*** Supplied data Section Begins ***

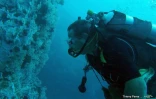  blanchissement du corail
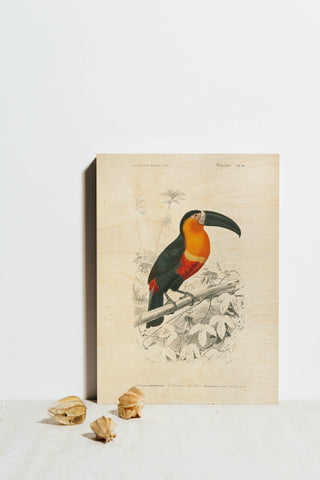 Toucan du Para Print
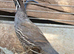 Various pairs of California quail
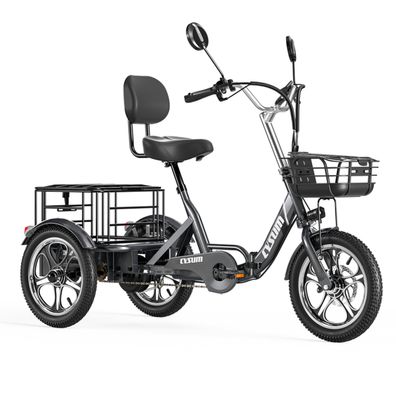 Elektro Dreirad Cargo E-bike mit Korb vorne und hinten Lasten-Elektrofahrrad 48V 22Ah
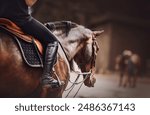 A rider is sitting on a bay horse in the saddle. Equestrian sports. Horse riding. Horse ammunition.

*** Supplied data Section Ends ***

The records above are to be repeated exactly, apart from their pictures.

Task response:
  blanchissement du corail
 Toucan du Para Print
 Various pairs of California quail
 Elektro Dreirad Cargo E-bike mit Korb vorne und hinten Lasten-Elektrofahrrad 48V 22Ah
 A rider is sitting on a bay horse in the saddle. Equestrian sports. Horse riding. Horse ammunition.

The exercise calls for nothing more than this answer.